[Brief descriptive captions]

··········

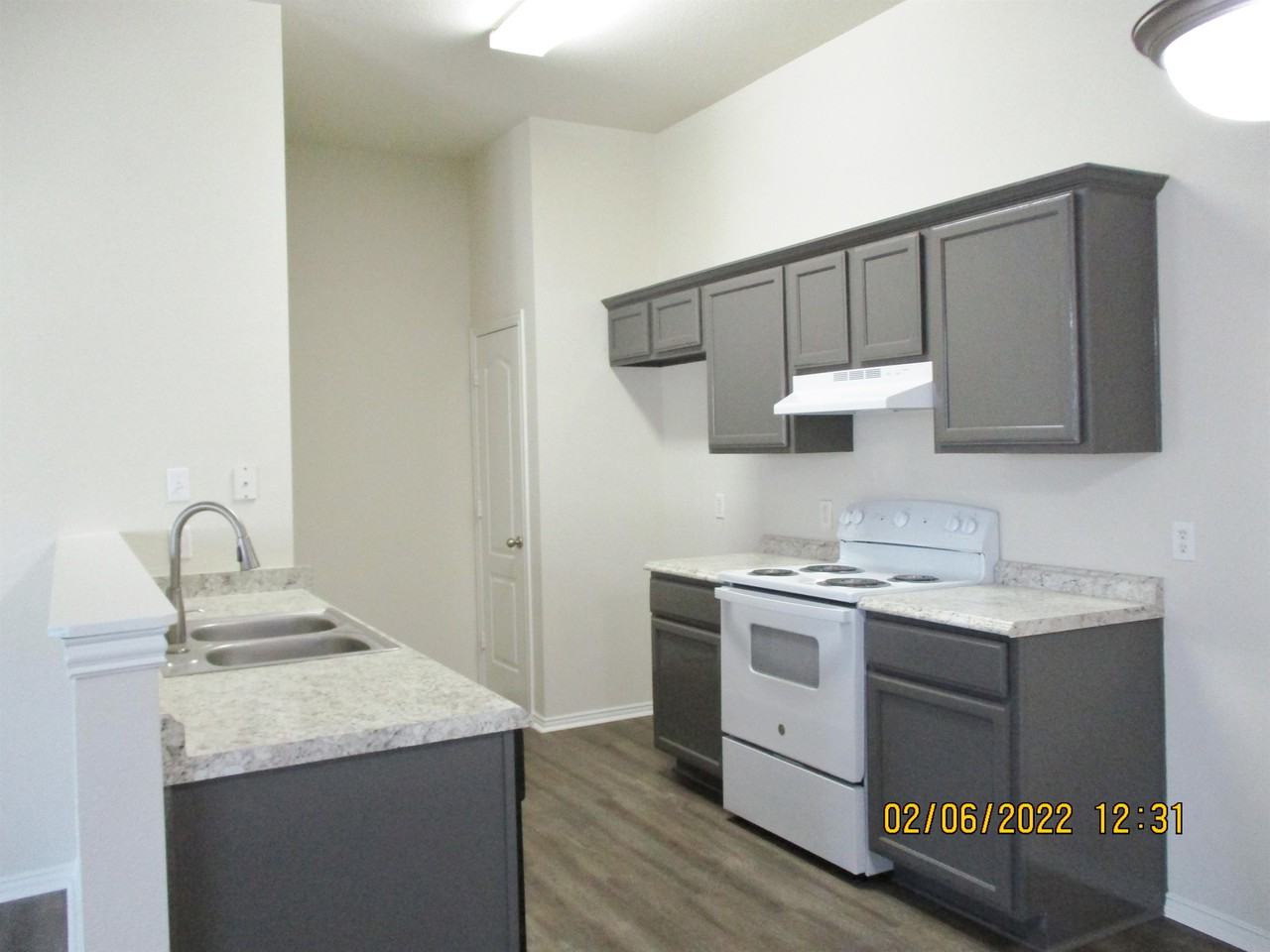 11901 Metmora Ct #11901 - Photo 4 of 12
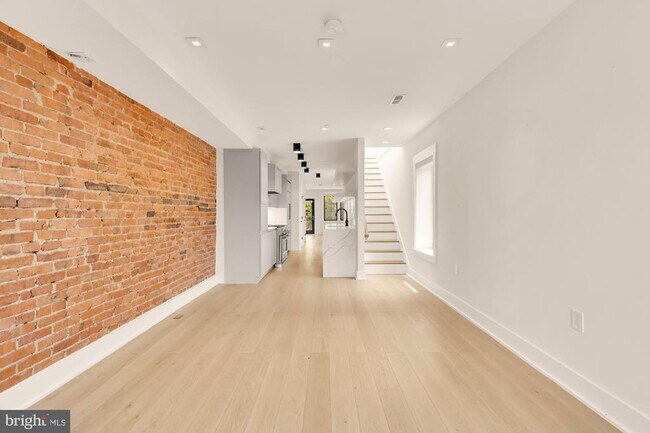 Photo - 330 16th St SE Unidad 2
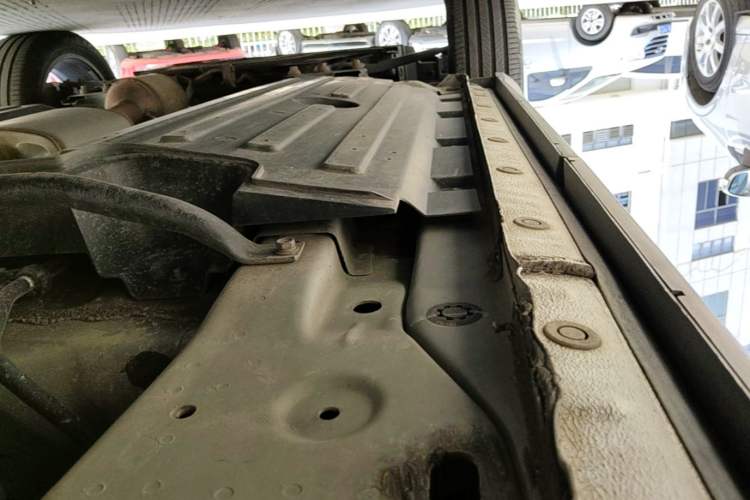 Used Haval H6 2021 3rd Generation 2.0T Automatic Two-Wheel Drive Max Left Side Sill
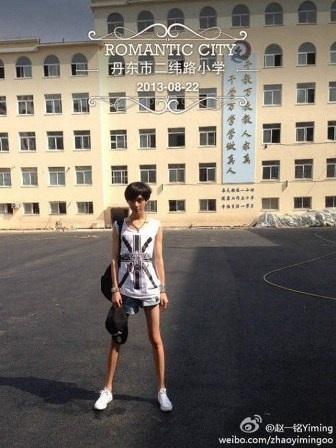 Thân hình gầy gò cộng và khuôn mặt thanh tú đã khiến Yiming trông rất giống con gái.  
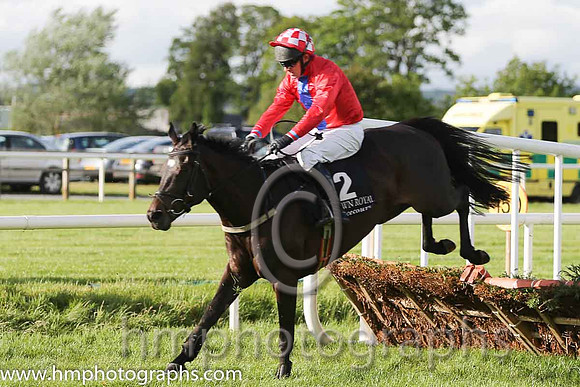 17th Lucky Buttons ( 2 , red, blue stripe ) and J.L. Cullen - Trainer : S.R.B. Crawford - Owner : Mrs Linda Collum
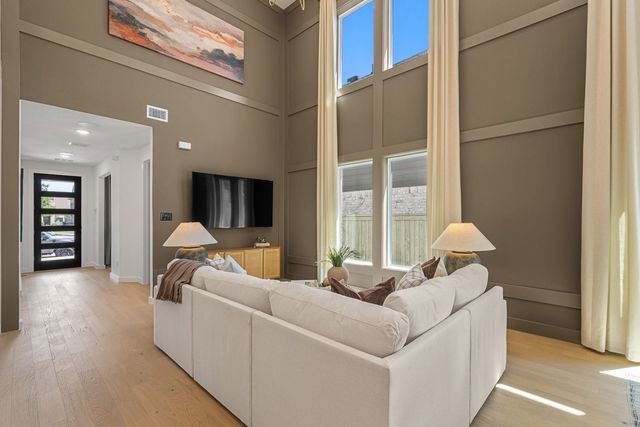1616 Peridot Parkway, Mesquite, TX 75181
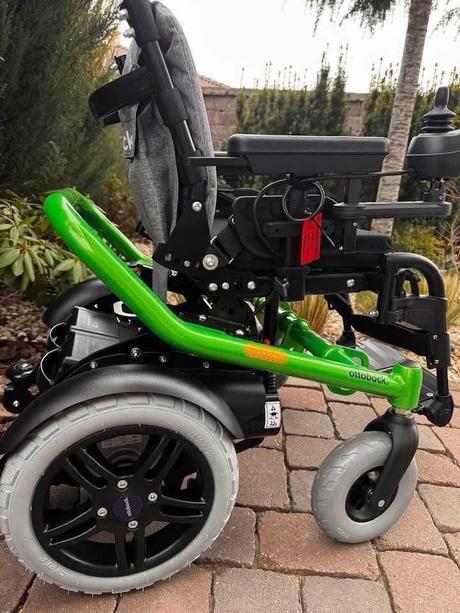 Detský elektrickÿ vozík skippy nepoužitý, 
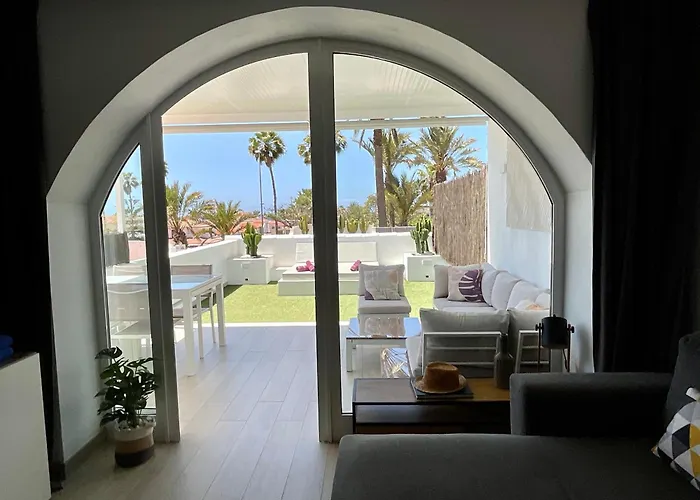 Las Americas Luxury Low-Cost Apartment With Terrace & Views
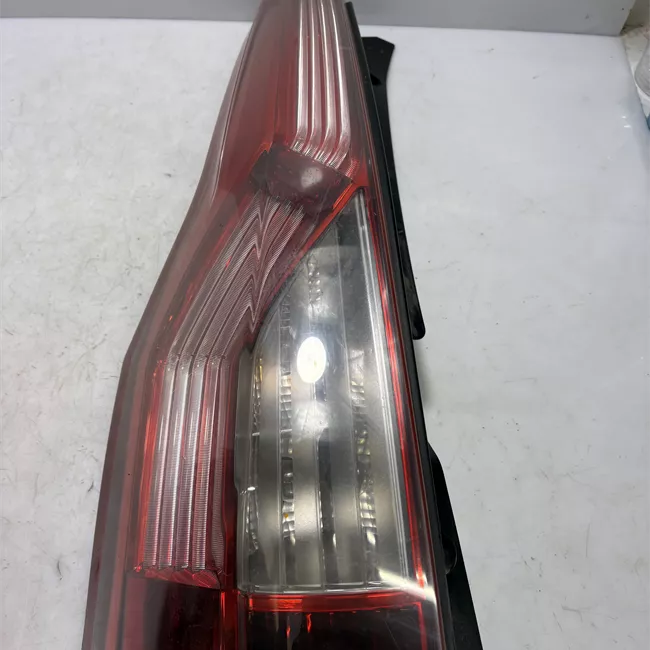 Fanale posteriore sinistro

··········

_Exercise aim_. Copy exactly the lines from the line that contains "Used Haval H6" through the last line of the records above, both ends included, but leave out the pictures.

_Task result_.
 Used Haval H6 2021 3rd Generation 2.0T Automatic Two-Wheel Drive Max Left Side Sill
 Thân hình gầy gò cộng và khuôn mặt thanh tú đã khiến Yiming trông rất giống con gái.  
 17th Lucky Buttons ( 2 , red, blue stripe ) and J.L. Cullen - Trainer : S.R.B. Crawford - Owner : Mrs Linda Collum
1616 Peridot Parkway, Mesquite, TX 75181
 Detský elektrickÿ vozík skippy nepoužitý, 
 Las Americas Luxury Low-Cost Apartment With Terrace & Views
 Fanale posteriore sinistro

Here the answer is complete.